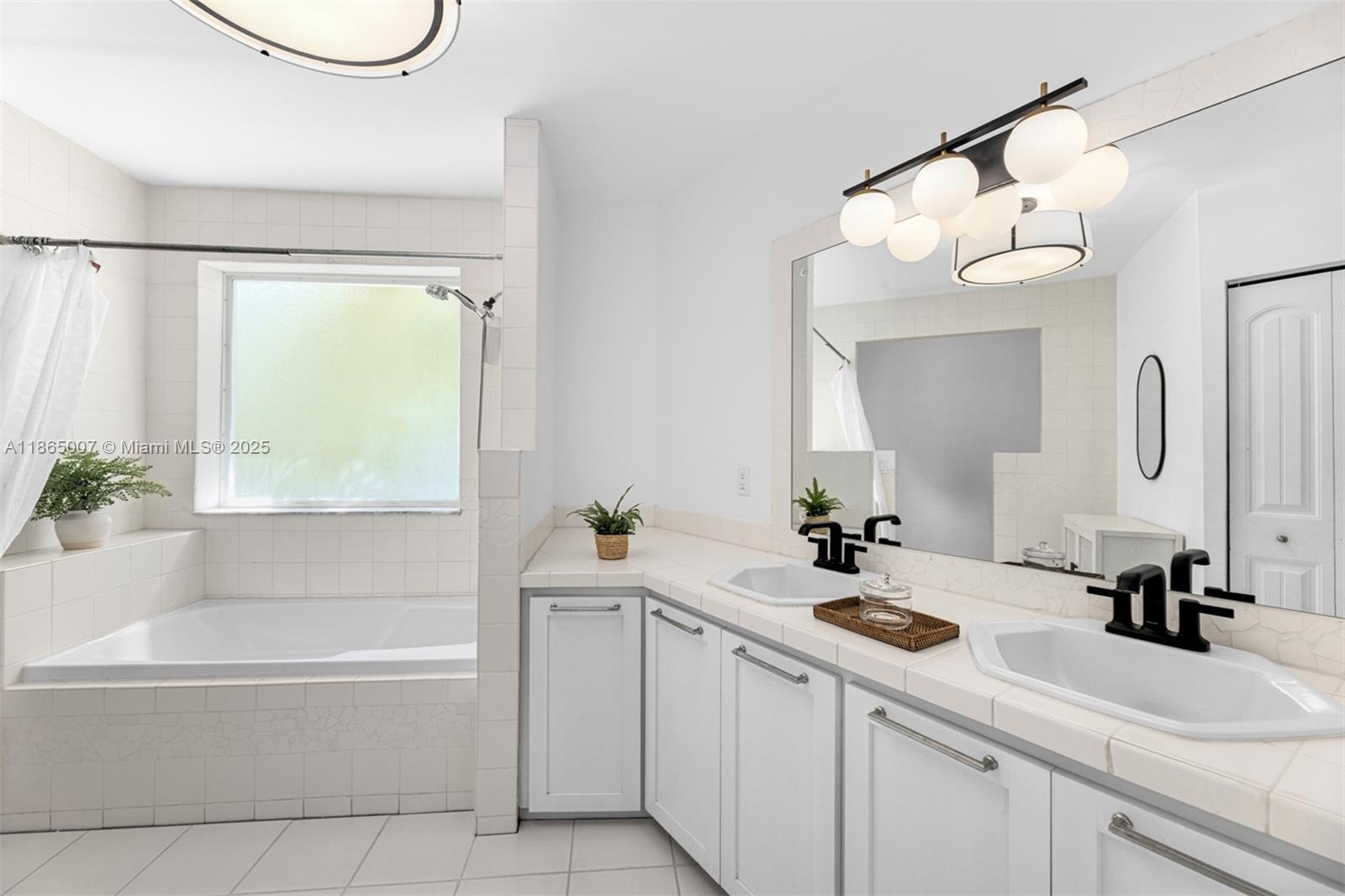 TROPICAL ISLE HOMES SUB - Residential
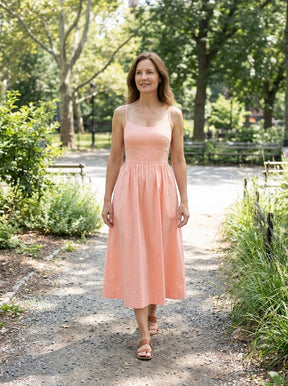 Robe midi ligne A structurée bretelles fines invitée mariage minimaliste femme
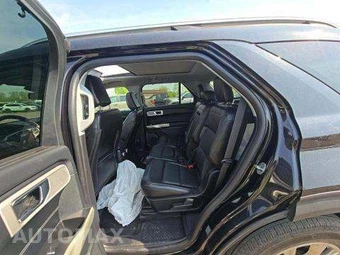 2022 Ford Explorer Limited - miniatura 14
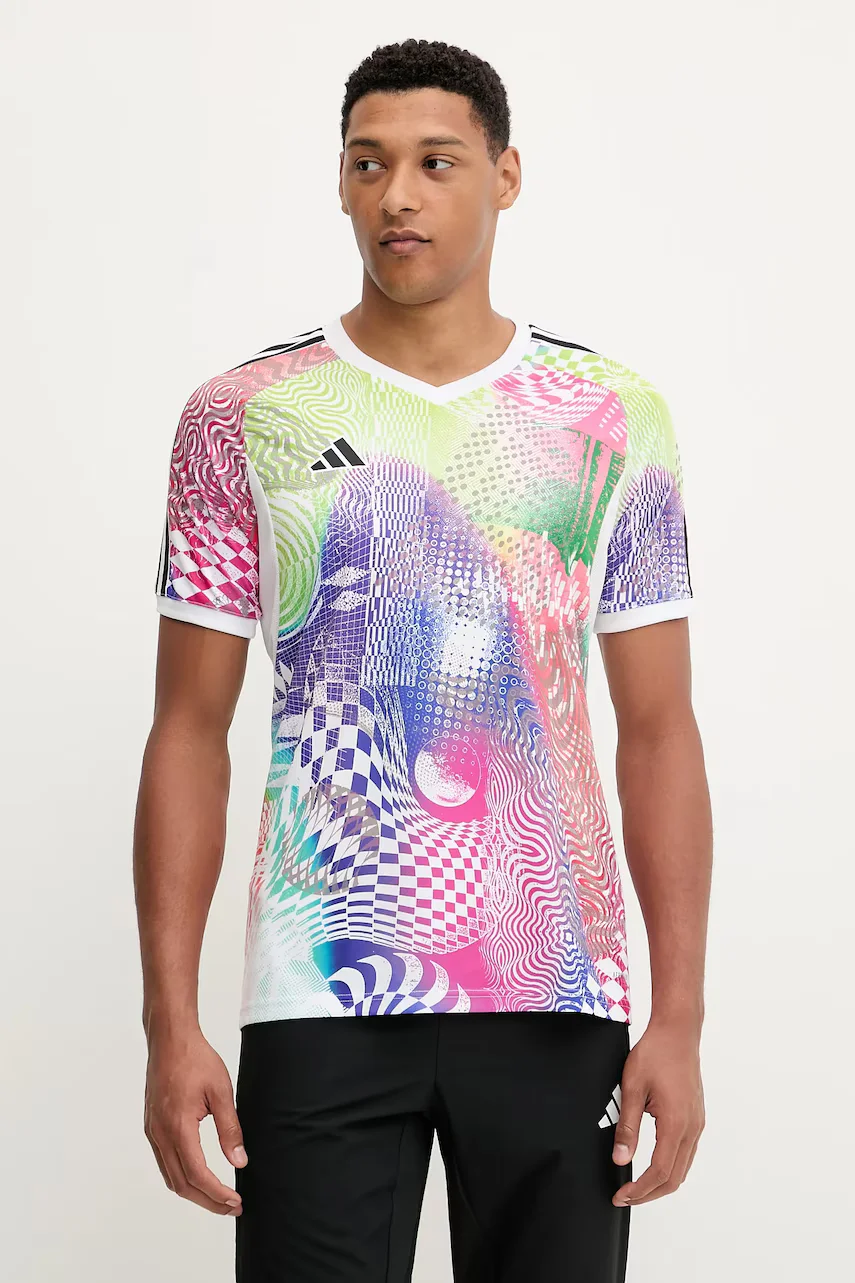 adidas Performance Тениска за трениране PRIDE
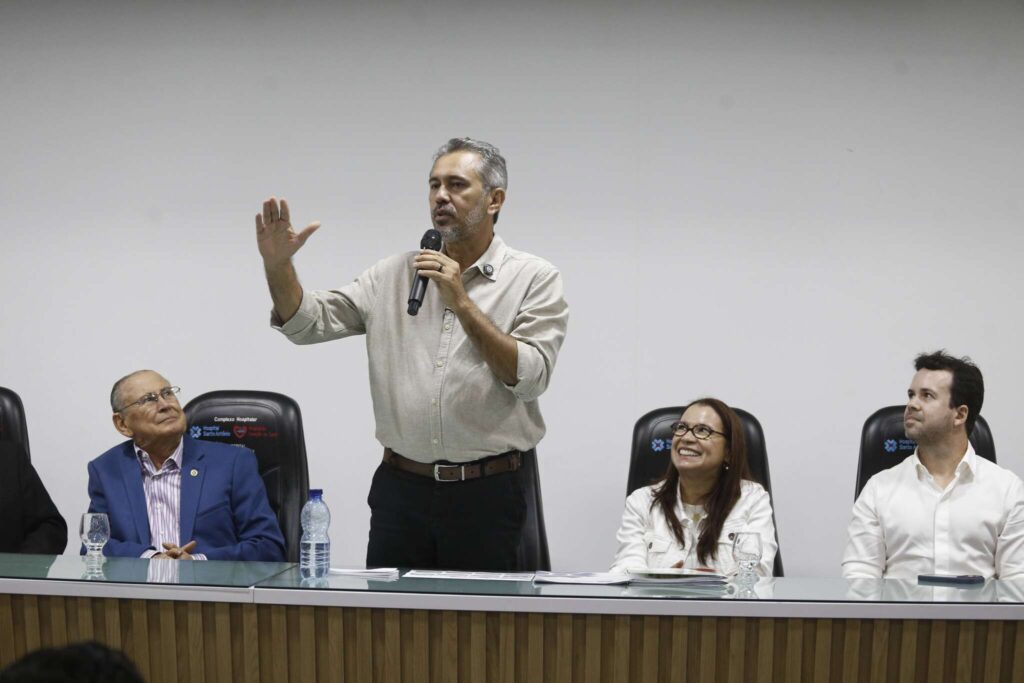 Governo do Ceará Lança Mutirão de Cirurgias com Meta de 8,8 mil Procedimentos no Cariri Governo do Ceará Lança Mutirão de Cirurgias com Meta de 8,8 mil Procedimentos no Cariri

# EXERCISE
In full and without error, repeat the listing above, omitting its images.

# TASK OUTPUT
 TROPICAL ISLE HOMES SUB - Residential
 Robe midi ligne A structurée bretelles fines invitée mariage minimaliste femme
 2022 Ford Explorer Limited - miniatura 14
 adidas Performance Тениска за трениране PRIDE
 Governo do Ceará Lança Mutirão de Cirurgias com Meta de 8,8 mil Procedimentos no Cariri Governo do Ceará Lança Mutirão de Cirurgias com Meta de 8,8 mil Procedimentos no Cariri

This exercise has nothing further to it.